April 2009

Volume 24 Number 03

Windows With C++ - The Virtual Disk API in Windows 7

By Kenny Kerr | April 2009

This article is based on a prerelease version of Windows 7. All information herein is subject to change.

Contents

The VHD Format
Creating Virtual Disks
Opening Virtual Disks
Attaching Virtual Disks
Querying Virtual Disks
What's Next

As I write this, the Windows 7 beta has been available for a few days, and I must say there is a lot to like. As usual, I took a look under the hood to see what is new in the Windows SDK. Windows 7 is very much a minor release as far as the SDK is concerned, and that's a good thing. The fundamentals of writing native C++ applications for Windows 7 have not changed much compared to the way they changed for Windows Vista. Having said that, however, Windows 7 has some completely new features that are sure to interest anyone looking to take advantage of the platform.

One of these features is the Virtual Disk API. Although designed with other formats in mind, the Virtual Disk API in the Windows 7 beta is very much geared toward the Microsoft Virtual Hard Disk (VHD) format popularized by virtualization products from Microsoft such as Hyper-V and Virtual PC.

This really takes me back because I've been involved with virtualization for quite a few years. When I first started working with virtualization technology almost ten years ago, VMware was the clear leader. Then in 2003 Microsoft acquired virtual machine technology from Connectix, and everything changed. All of a sudden there were two big players. It was clear the VHD format that Microsoft acquired from Connectix was well suited to the direction that Microsoft wanted to take with virtualization, namely to turn it into a platform. Whereas the VMware virtual disk formats were proprietary and very convoluted, often changing wildly from one release to the next, the VHD format was from the start straightforward and flexible enough to stand the test of time. In the intervening years, the VHD format has proven itself again and again, having been adopted by other products and technologies within Microsoft and by other software companies, big and small.
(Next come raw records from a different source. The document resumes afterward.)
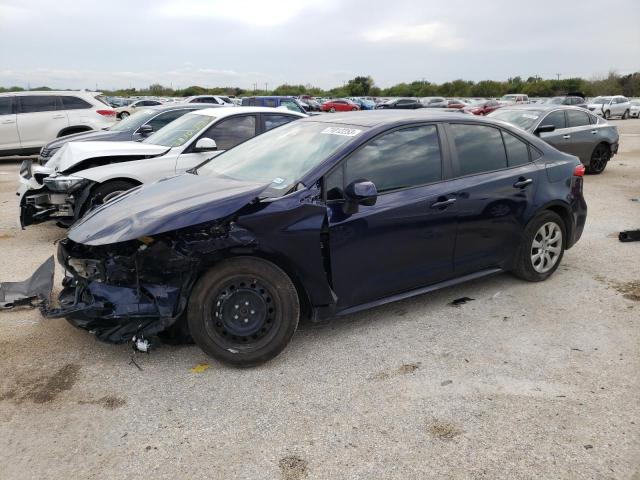 TOYOTA COROLLA 2022 5yfepmae5np344486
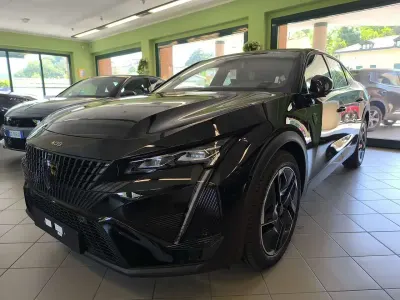 Usata Peugeot 408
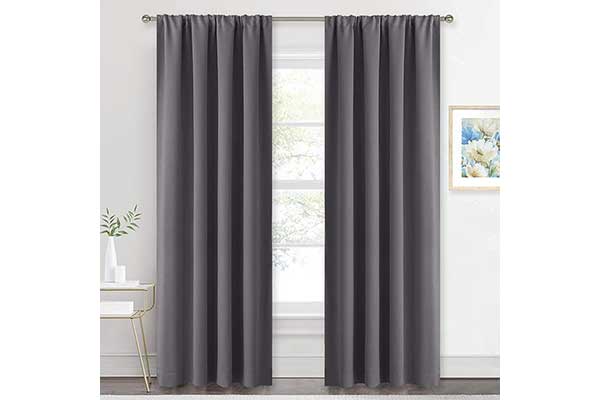Top 10 Best Blackout Curtains in 2022 Reviews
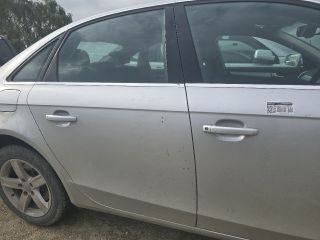 bontott AUDI A4 B8 Jobb hátsó Ajtó (Üres lemez)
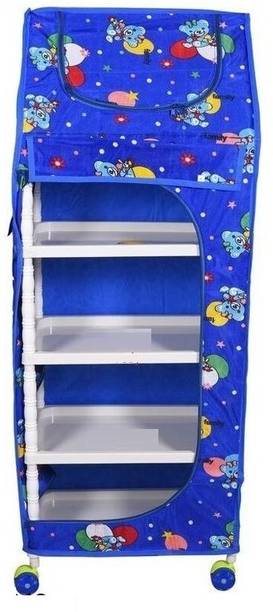 GLARIXA PP Collapsible Wardrobe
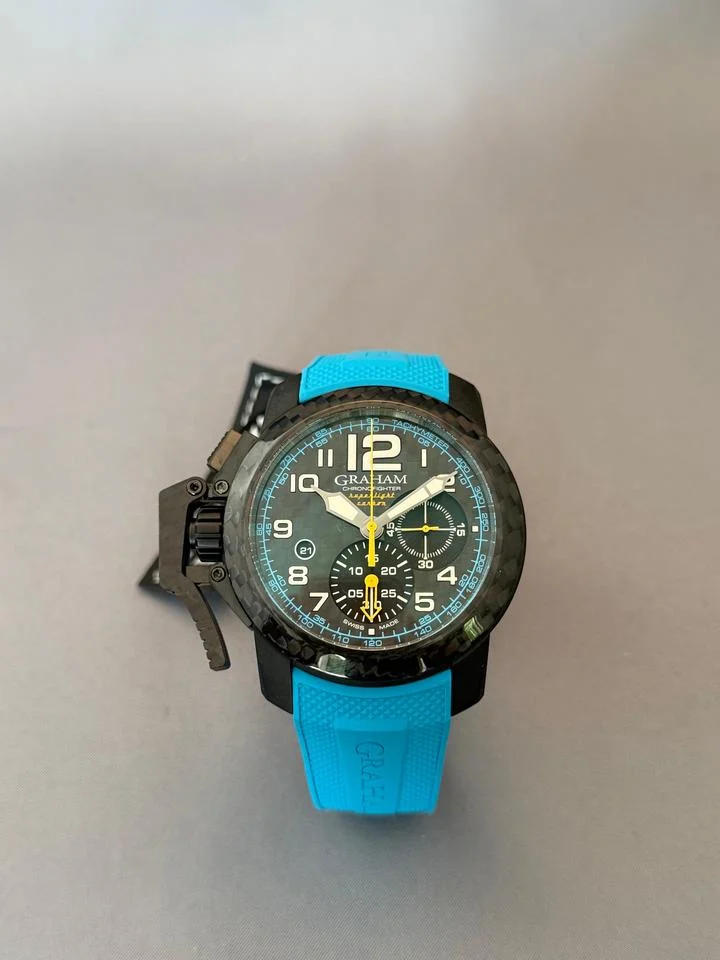 Graham Chronofighter 2ccbkb30ak125k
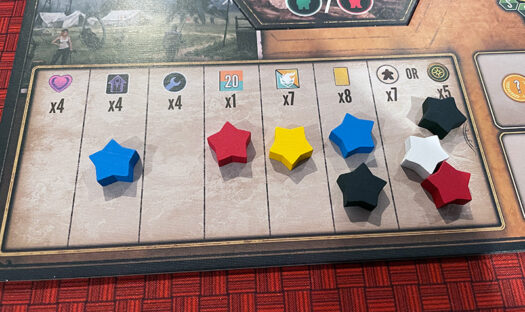 Expeditions board game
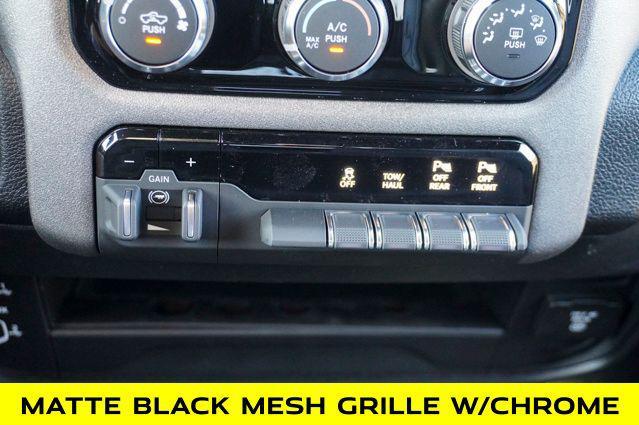 new 2026 Ram 2500 car, priced at $52,710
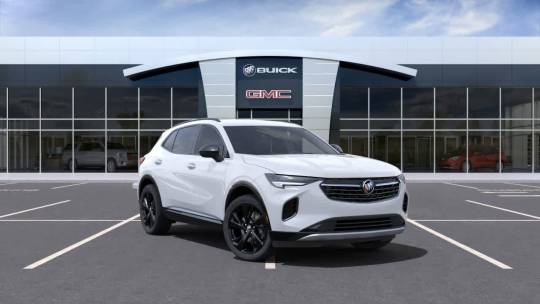 2023 Buick Envision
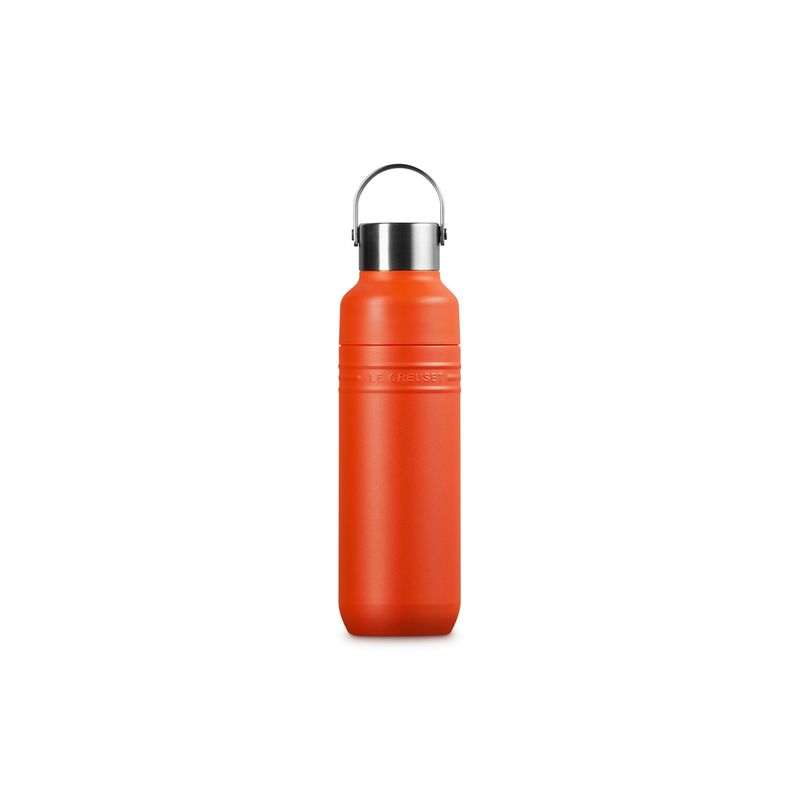 LE CREUSET - Le Creuset Botella Térmica On The Go 500ml Volcánico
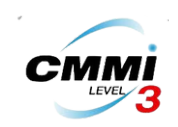 CMMI Level-3 Logo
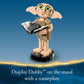 LEGO Harry Potter Dobby The House-Elf Building Toy Set Build and Display Model of a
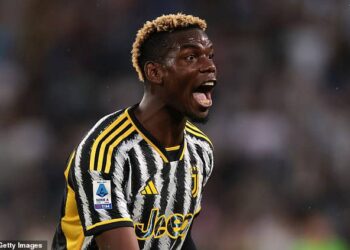 Pogba ‘banned from football for FOUR YEARS for doping’ – seemingly ending career
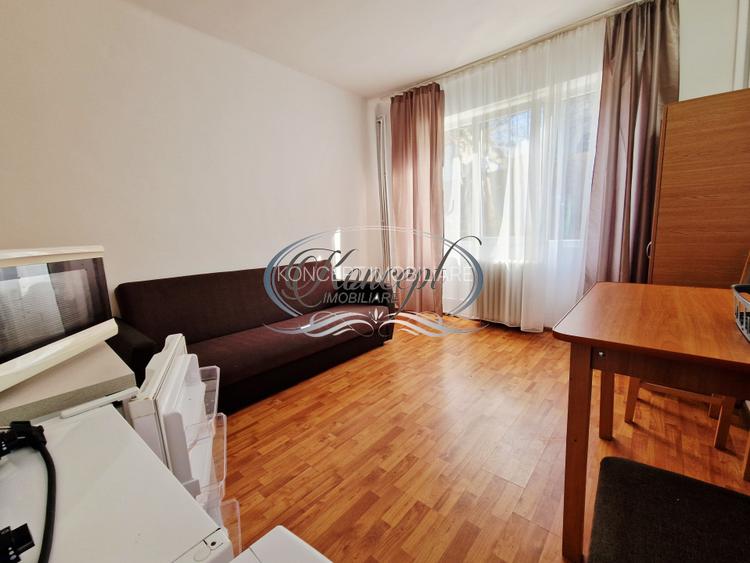 Garsoniera luminoasa in Gruia, aproape de stadionul CFR - 2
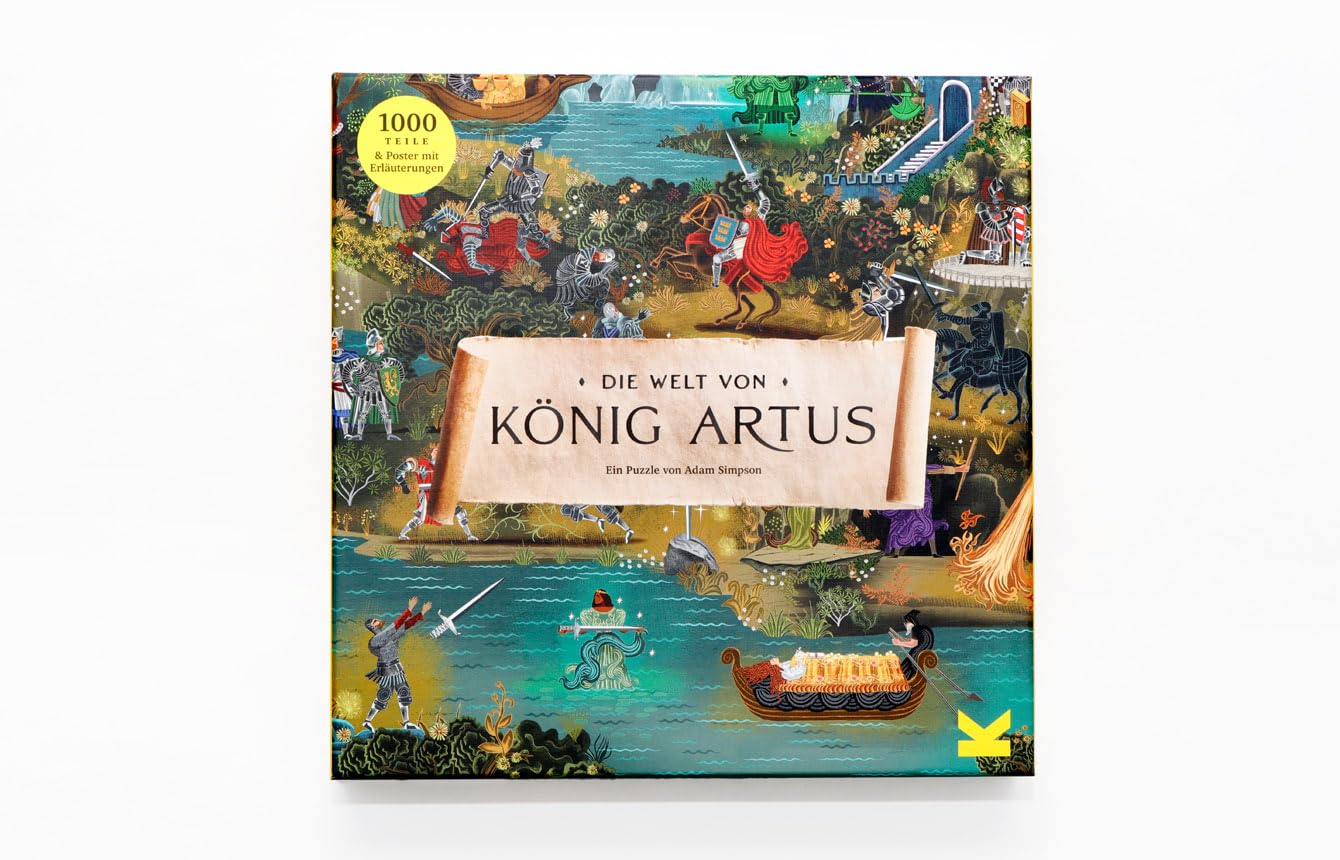 Laurence King Puzzle 80 Uccelli Del Mondo – 1000 Pezzi Con Poster A2 - 2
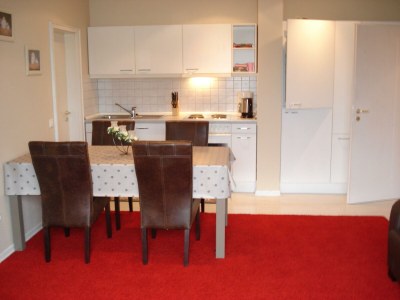 Apartment 4-Bett-Ferienwohnung Gartenblick - Features photo 11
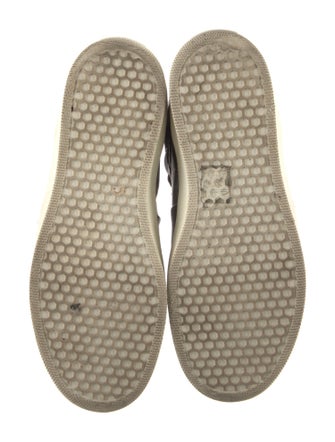 Celine Leather Sneakers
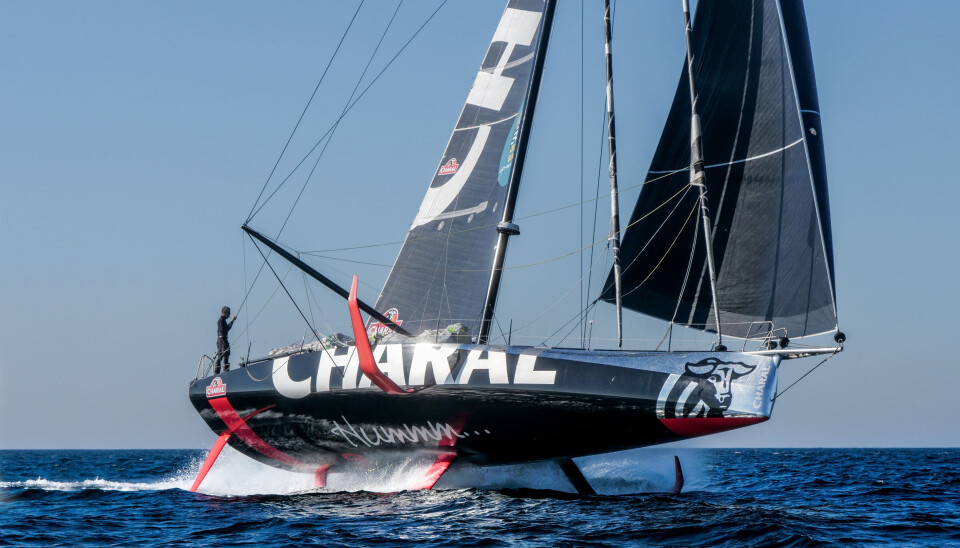 IMOCA: Det skal bygges en ny «Charal» men Beyou har valgt Sam Manuard fremfor VPLP som designer. IMOCA: Det skal bygges en ny «Charal» men Beyou har valgt Sam Manuard fremfor VPLP som designer.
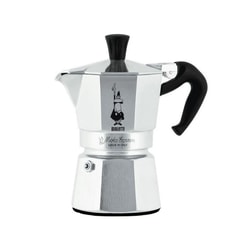 Caffettiera Aeternum bialetti Moka express 9 tazze Argento [Y0E6PG0240]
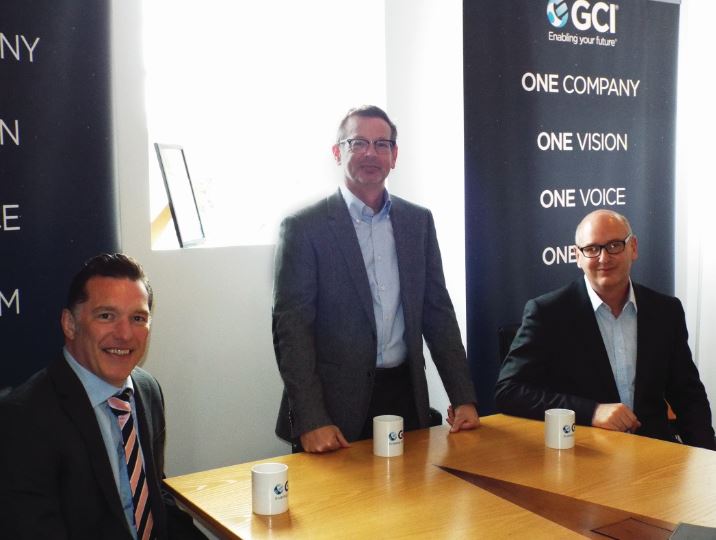 GCI_Channel's tweet photo. GCI completes the assembly of its leadership team. Read more here: https://t.co/16eWi68x16 https://t.co/uB47K6g44W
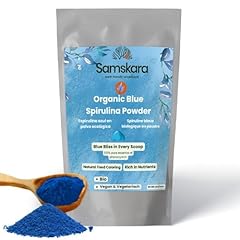 Bio blaue spirulina gebraucht kaufen  Wird an jeden Ort in Deutschland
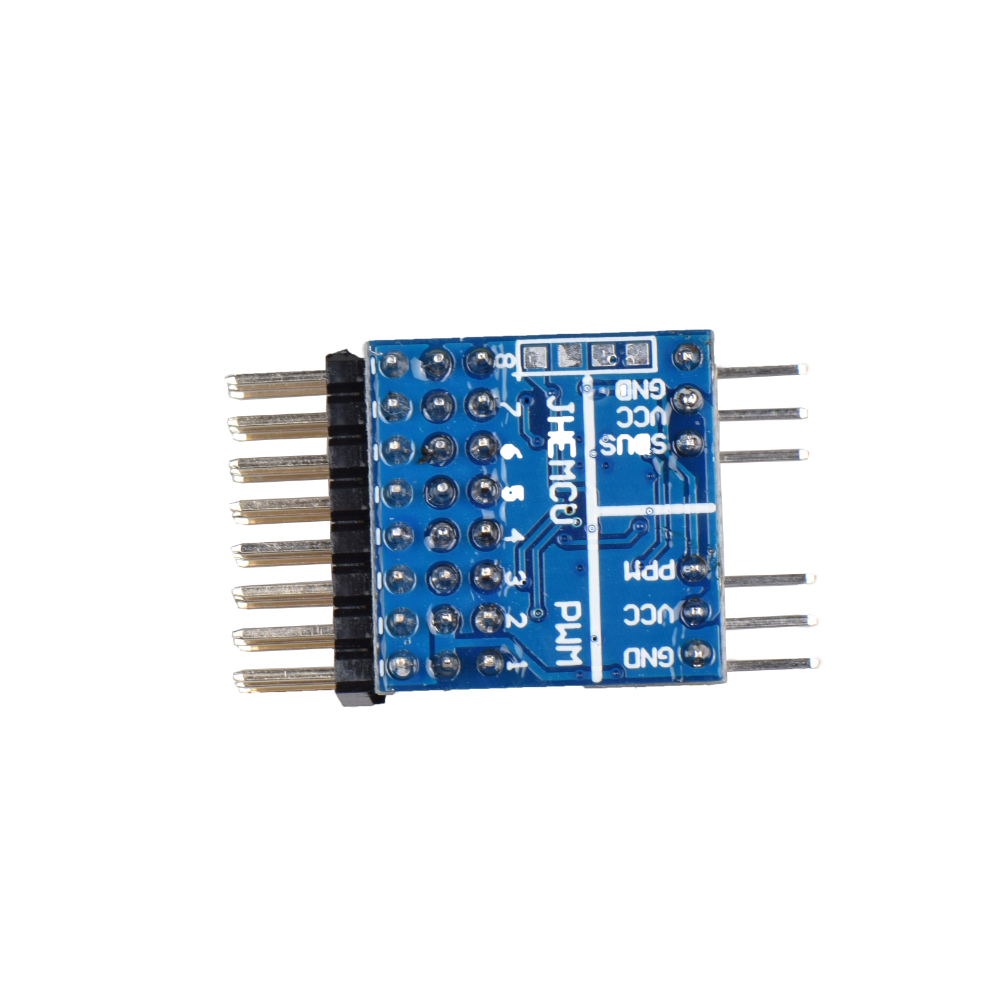 JHEMCU SPP-SBUS 8CH SPP Conver - Receiver Sbus 8Ch ulasan dan harga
For this reason I'm happy to see that Windows 7 supports the VHD format natively. This means that users and administrators can easily create and attach virtual disks as if they were additional physical storage devices, without installing any third-party drivers or tools. You can, for example, use the Disk Management MMC (Microsoft Management Console) snap-in or the DISKPART command-line tool to create and attach virtual disks. You can then partition, format, and use them like any other hard disk on your computer.

In addition, you also gain very granular control over the creation and management of virtual disks. At the heart of these capabilities is VirtDisk.dll, which provides a low-level C API, known as the Virtual Disk API, for creating and manipulating virtual disks. This API provides access to a number of kernel-mode drivers that are needed to actually represent the disk and its volumes in the storage subsystem so that file system drivers can be layered on top without requiring any knowledge of the actual source of the storage.

Disk management tools typically interact with virtual disks via the Virtual Disk Service (VDS) that itself relies on the Virtual Disk API for handling VHD-based storage. Of course Hyper-V has its own Windows Management Instrumentation (WMI)–based API for creating and manipulating virtual machines, and it too relies on the Virtual Disk API.

Before I dive in and show how you can use the Virtual Disk API, I'll quickly describe the basics of the VHD format. You'll see that given this new API, you can now throw away much of the code you needed previously for managing virtual disks.

The VHD Format

The VHD format provides three different image types: fixed, dynamic, and differencing disks. All three disk types include a 512-byte VHD footer residing at the end of the disk file. More on this in a minute.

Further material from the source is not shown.